One thing I didn't get into the video, that I think is also an essential to turning between centers, is the short tool rest. I got mine from IAP member Rick Herrell and have been very pleased with it!


----------



## joeatact (Sep 13, 2010)

Good Video Thanks


----------



## Dalecamino (Sep 13, 2010)

Awwww....that Woodchuck Pen-Pro thing just takes the wood down TOO fast....  I gotta get me one of those things someday:redface:

Nice video !


----------



## Lenny (Sep 13, 2010)

dalecamino said:


> Awwww....that Woodchuck Pen-Pro thing just takes the wood down TOO fast.... I gotta get me one of those things someday:redface:
> 
> Nice video !


 

It's almost like CHEATING! :biggrin:

That's why I felt a need to show that I CAN use a skew when I have too! :biggrin:

Thanks for all the nice comments. This video stuff is new to me ... lots of room for improvement. :redface:


----------



## hewunch (Sep 13, 2010)

Great video. The only thing was the dust collector kinda drowned out some of what you were saying. Not sure how to fix that, but it would be a good thing to fix.


----------



## ctubbs (Sep 13, 2010)

WOW! Great video!
Now I have to learn how to really use my lathe.  Thnks for a great lesson. keep up the beautiful work.
Charles Tubbs
Murray, KY
beginner


----------



## Lenny (Sep 13, 2010)

hewunch said:


> Great video. The only thing was the dust collector kinda drowned out some of what you were saying. Not sure how to fix that, but it would be a good thing to fix.


 
I think adding the narration afterwards is the way to go. The problem is, I haven't really got it down yet. :frown: For one thing I need a better microphone (My computer told me so ...  )


----------



## ed4copies (Sep 13, 2010)

Couple of hints, Lenny--ignore if you wish!!

First adding the sound after the fact gets easier if you buy a cheap digital "tape recorder" (1" x 4"--$30).  Record your sound a short clip at a time to keep in sync with the video--but then you can cancel as much of the dust collector as you wish.
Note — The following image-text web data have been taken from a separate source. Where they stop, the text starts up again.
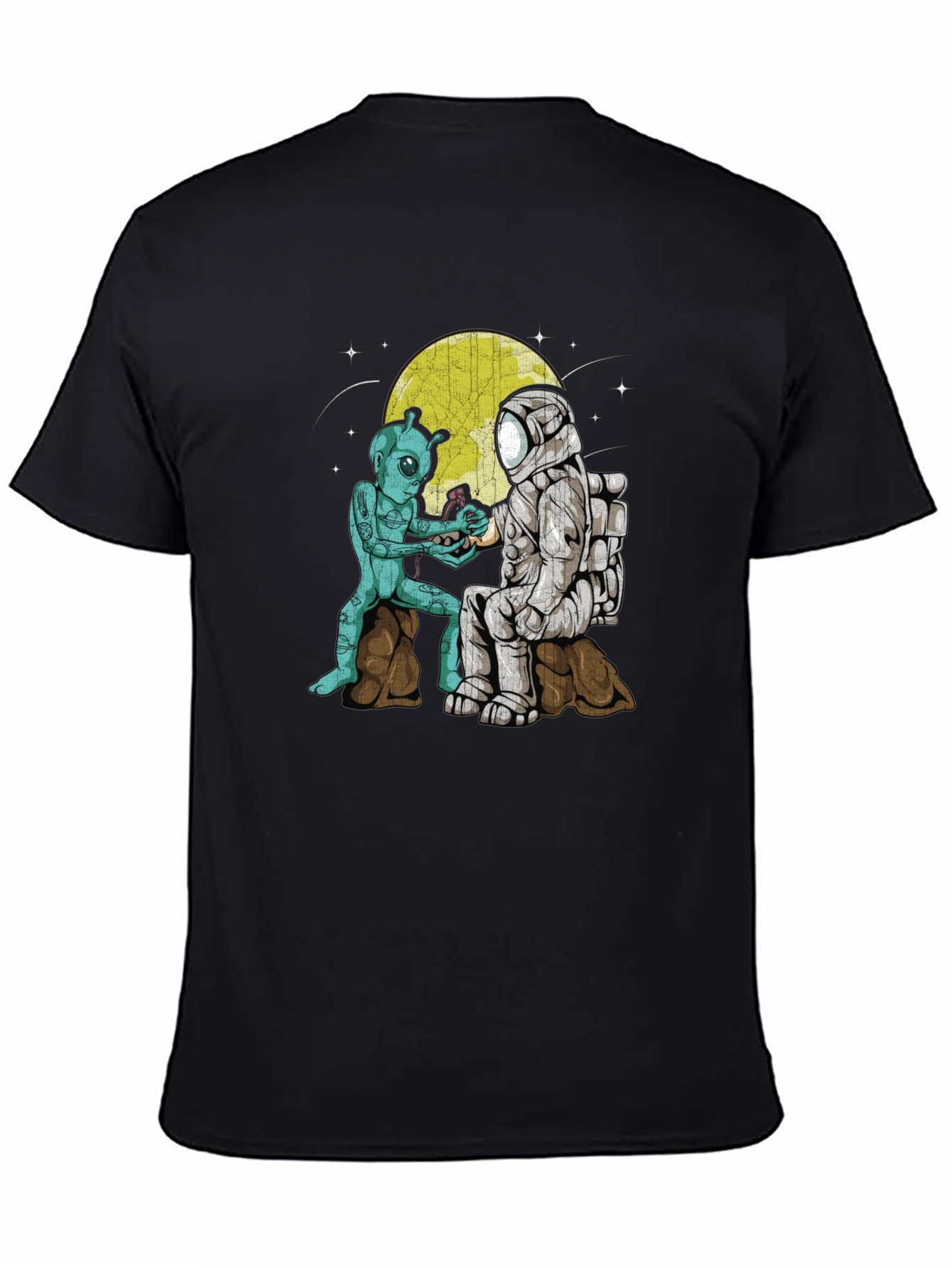 Alien & Astronaut T-Shirt: Space Friendship Graphic Tee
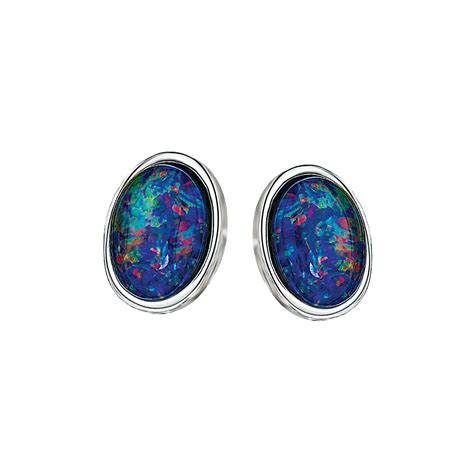 Australian Triplet Opal Sterling Silver Earrings - toscow sydney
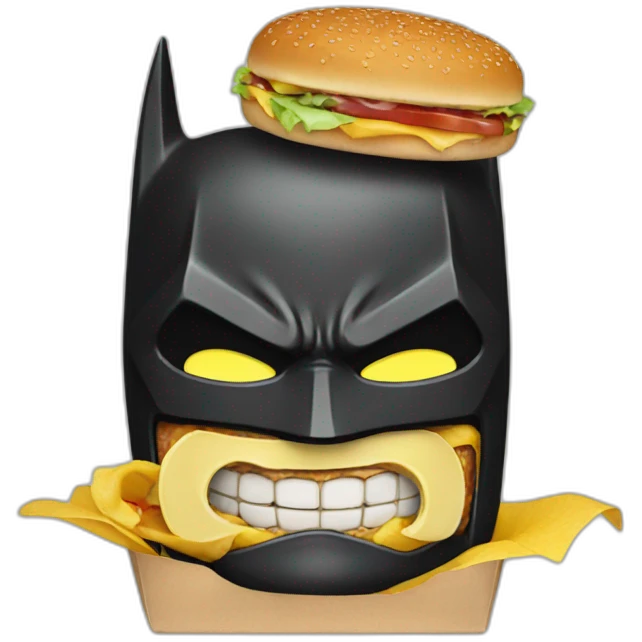 Batman eet a burger emoji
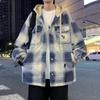 Trendy Plaid Hooded Baseball Jacket – Loose Autumn/Winter Style for Teens
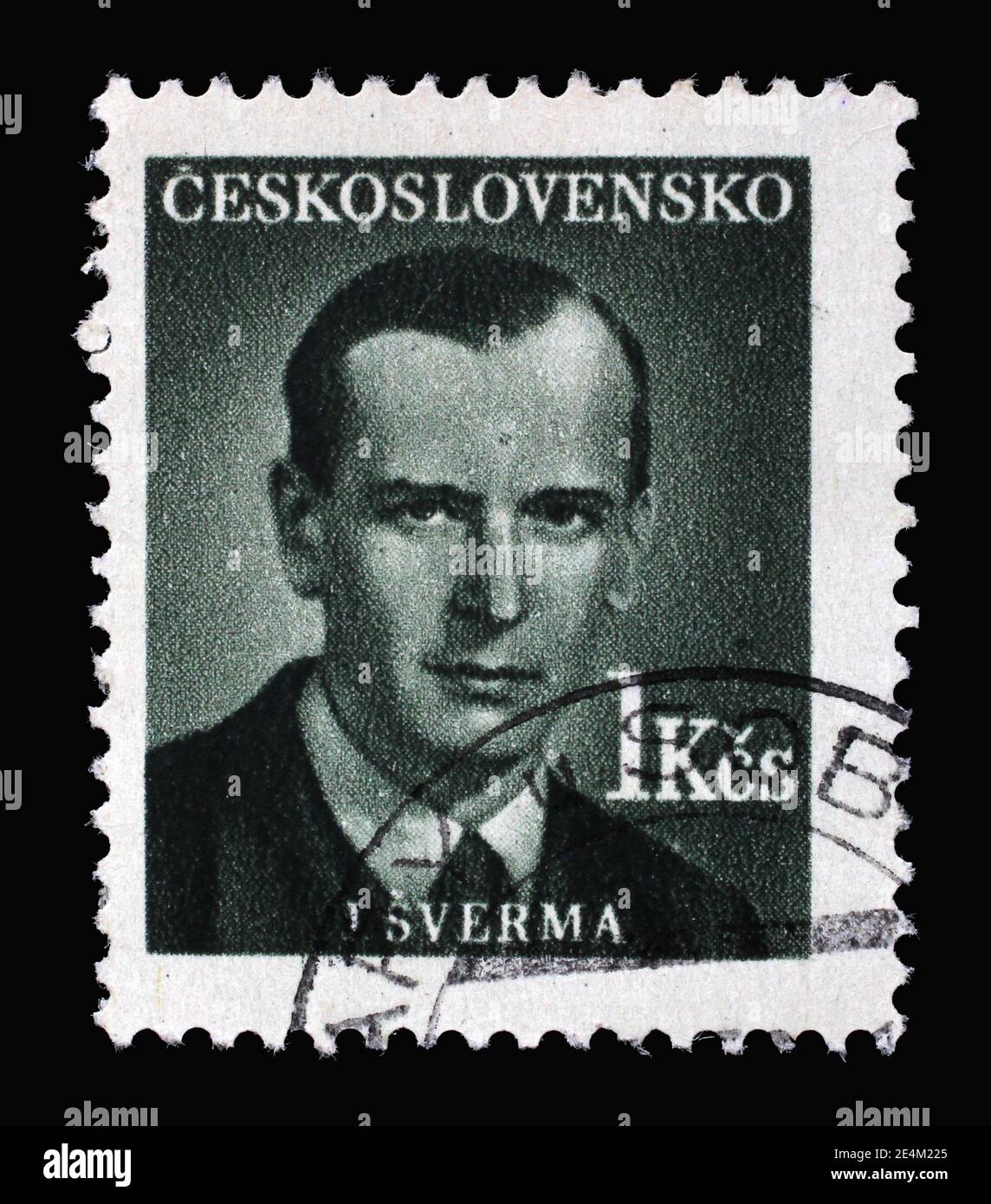 Sello impreso en Checoslovaquia muestra retrato de Jan Sverma, la serie las personalidades culturales y políticas, alrededor de 1949 Foto de stock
Second, I would move your tool rest closer when you use the skew.  You have GREAT tool control, I was never worried---but the guy who watches and tries to imitate---may not be so skilled---and the hole between the tool rest and the blank will allow one heck of a catch.

Nice job with the woodchuck!!!!


----------



## Lenny (Sep 13, 2010)

ed4copies said:


> Second, I would move your tool rest closer when you use the skew. You have GREAT tool control, I was never worried---but the guy who watches and tries to imitate---may not be so skilled---and the hole between the tool rest and the blank will allow one heck of a catch.


 
Oh, your right Ed! I never thought about that part of it! 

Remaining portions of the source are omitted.